Einsatz von MDS-Datensammelsystemen bei Linde TVT:

DSS vereinfacht Job-Control

09.07.1976

Die Linde AG, die frühere "Gesellschaft für Linde's Eismaschinen AG", ist heute ein Begriff für eine Vielfalt verschiedener Arbeitsgebiete. Die Aufgaben sind sechs Werksgruppen und einigen Beteiligungsgesellschaften zugeordnet.

Im Unternehmen arbeiten etwa 15 000 Mitarbeiter. Der Jahresumsatz beträgt rund DM 1,2 Milliarden. Damit zählt die Linde AG zu den 100 größten Unternehmen der Bundesrepublik Deutschland.

Der nachfolgende Bericht über den Einsatz von MDS-Datensammelsystemen kommt aus der Werksgruppe Tieftemperatur und Verfahrenstechnik (TVT) in München. TVT baut sowohl vollständige Anlagen für die Verfahrenstechnik als auch Anlagenteile in Einzel- und Serienfertigung.

In unserem Rechenzentrum ist eine IBM/370-155 mit 1500 K Hauptspeicher installiert. Seit dem Einbau der dynamischen Adreßumsetzungseinrichtung wird von der virtuellen Speichertechnik Gebrauch gemacht und das Betriebssystem OS/VS (SVS) eingesetzt. Die stark magnetplattenorientierte Peripherie erlaubt den Aufbau von großen Datenbanken, zu denen teilweise On-Line-Zugriff mit Hilfe des Systems IMS-DB-DC besteht.

Direktbenutzerdienst

Etwa 150 Physiker und Ingenieure lösen die im Rahmen des Anlagenbaues anfallenden verfahrenstechnischen und konstruktiven Probleme mit Hilfe leistungsfähiger Programme, die größtenteils im Hause selbst entwickelt sind. Da die einzugebenden Daten von Aufgabe zu Aufgabe sehr unterschiedlich sind und deren Erstellung spezielle Sachkenntnis erfordert, müssen die Mitarbeiter die Jobs selbst zusammenstellen und im Rechenzentrum zur Durchführung abgeben. Lediglich bei größeren Datenmengen werden die Datentypistinnen eingeschaltet. Von einer raschen Erfassung und Berechnung der Probleme hängt die termingerechte Abwicklung unserer Aufträge ab.

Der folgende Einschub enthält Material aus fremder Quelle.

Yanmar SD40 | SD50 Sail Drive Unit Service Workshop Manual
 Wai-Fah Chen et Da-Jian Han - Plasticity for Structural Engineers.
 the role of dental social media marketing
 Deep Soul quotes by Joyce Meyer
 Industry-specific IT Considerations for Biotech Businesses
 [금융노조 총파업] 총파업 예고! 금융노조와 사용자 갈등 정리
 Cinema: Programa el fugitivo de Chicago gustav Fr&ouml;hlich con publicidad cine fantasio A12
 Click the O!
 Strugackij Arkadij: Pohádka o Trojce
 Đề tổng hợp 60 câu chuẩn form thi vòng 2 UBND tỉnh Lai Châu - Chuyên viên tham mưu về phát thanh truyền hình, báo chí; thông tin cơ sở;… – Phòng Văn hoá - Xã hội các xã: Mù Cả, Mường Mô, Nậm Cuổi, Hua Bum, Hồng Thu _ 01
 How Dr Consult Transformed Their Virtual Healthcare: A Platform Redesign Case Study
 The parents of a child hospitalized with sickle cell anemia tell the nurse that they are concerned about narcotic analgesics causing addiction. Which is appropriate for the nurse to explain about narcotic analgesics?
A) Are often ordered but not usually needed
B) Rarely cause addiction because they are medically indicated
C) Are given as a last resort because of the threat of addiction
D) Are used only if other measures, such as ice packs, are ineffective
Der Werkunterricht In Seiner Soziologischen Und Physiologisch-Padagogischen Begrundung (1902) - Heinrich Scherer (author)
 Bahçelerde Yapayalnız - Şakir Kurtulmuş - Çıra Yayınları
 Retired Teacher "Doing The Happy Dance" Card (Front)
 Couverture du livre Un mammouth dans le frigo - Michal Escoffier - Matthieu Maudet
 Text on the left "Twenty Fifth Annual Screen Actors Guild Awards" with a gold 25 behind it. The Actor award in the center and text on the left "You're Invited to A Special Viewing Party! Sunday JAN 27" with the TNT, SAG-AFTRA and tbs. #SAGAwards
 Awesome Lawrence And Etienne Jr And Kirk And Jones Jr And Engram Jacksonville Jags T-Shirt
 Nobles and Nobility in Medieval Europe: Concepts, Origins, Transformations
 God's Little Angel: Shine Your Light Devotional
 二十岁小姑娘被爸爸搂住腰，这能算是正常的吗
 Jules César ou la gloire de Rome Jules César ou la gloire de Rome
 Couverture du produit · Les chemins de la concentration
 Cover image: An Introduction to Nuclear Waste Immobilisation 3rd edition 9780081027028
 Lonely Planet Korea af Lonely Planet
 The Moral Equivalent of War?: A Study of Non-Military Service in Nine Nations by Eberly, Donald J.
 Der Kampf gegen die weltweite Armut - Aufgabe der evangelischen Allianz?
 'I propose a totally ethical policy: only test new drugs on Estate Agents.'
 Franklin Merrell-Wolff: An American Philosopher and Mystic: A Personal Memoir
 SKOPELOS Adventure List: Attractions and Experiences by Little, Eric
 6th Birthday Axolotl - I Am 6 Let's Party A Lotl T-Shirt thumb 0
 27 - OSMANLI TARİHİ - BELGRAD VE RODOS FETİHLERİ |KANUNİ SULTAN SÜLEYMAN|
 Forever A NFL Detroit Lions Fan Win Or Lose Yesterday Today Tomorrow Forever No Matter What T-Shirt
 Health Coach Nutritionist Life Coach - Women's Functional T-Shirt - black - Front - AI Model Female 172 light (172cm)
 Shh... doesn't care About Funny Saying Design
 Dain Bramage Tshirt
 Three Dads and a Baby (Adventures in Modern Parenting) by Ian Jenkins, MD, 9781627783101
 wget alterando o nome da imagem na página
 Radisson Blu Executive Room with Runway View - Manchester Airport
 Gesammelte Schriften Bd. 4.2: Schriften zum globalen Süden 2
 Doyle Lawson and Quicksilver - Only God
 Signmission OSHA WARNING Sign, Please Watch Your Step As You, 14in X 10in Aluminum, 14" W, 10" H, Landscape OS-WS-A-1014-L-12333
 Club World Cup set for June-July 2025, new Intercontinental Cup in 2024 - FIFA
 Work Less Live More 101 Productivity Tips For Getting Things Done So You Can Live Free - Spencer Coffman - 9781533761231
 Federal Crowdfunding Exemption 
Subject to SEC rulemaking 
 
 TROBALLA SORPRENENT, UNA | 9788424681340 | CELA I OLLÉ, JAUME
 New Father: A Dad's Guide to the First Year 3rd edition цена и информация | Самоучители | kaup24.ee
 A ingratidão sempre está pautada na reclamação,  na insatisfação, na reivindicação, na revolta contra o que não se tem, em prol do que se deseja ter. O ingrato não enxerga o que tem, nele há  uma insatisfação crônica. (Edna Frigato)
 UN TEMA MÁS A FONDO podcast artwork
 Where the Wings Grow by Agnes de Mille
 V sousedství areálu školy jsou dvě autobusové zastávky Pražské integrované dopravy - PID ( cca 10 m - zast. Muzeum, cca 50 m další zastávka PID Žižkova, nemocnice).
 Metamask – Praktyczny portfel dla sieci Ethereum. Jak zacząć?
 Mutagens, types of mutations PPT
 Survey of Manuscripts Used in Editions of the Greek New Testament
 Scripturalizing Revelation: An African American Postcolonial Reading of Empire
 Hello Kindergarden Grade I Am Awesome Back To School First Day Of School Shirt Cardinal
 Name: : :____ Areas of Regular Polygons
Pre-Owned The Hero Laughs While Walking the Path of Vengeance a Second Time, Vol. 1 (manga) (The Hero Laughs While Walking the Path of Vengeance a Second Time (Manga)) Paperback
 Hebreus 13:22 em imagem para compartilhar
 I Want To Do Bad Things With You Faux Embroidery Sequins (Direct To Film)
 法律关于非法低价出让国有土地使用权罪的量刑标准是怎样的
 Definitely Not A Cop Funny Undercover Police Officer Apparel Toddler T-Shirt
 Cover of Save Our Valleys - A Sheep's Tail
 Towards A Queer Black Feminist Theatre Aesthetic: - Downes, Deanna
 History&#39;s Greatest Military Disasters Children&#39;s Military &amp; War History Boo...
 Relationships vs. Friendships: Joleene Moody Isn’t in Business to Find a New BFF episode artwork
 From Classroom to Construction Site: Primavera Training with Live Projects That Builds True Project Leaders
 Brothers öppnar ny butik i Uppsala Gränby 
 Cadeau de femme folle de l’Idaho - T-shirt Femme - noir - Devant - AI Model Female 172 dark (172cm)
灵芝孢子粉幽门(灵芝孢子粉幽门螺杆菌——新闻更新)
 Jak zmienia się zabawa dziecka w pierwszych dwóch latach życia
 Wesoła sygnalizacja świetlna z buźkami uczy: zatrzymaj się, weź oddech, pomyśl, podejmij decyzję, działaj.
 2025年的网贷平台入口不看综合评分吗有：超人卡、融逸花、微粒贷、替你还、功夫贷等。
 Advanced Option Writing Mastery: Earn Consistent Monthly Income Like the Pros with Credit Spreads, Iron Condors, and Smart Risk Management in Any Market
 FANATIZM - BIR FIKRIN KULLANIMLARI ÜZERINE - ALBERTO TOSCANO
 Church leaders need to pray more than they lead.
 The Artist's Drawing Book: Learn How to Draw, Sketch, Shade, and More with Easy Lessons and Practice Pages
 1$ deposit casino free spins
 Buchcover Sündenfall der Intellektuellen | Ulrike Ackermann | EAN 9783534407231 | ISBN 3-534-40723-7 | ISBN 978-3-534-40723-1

Ähnliche Probleme treten im Testbetrieb auf. Die 25 Programmierer stellen im Normalfall ebenfalls ihre Aufgaben selbst zusammen bzw. geben ihre Codierblätter in die zentrale Datenerfassung.

Wie in den meisten Rechenzentren zählen auch bei uns zu den Standard-Datenverarbeitungsaufgaben die Lohn- und Gehaltsabrechnung, Kostenerfassung und -Kontrolle und Buchhaltung. Die hierbei auftretenden Probleme sind hinreichend bekannt. Wie üblich werden die Eingabedaten zentral erfaßt und die Abläufe nach einem exakten Terminplan von der Arbeitsvorbereitung zusammengestellt und zur Durchführung gebracht.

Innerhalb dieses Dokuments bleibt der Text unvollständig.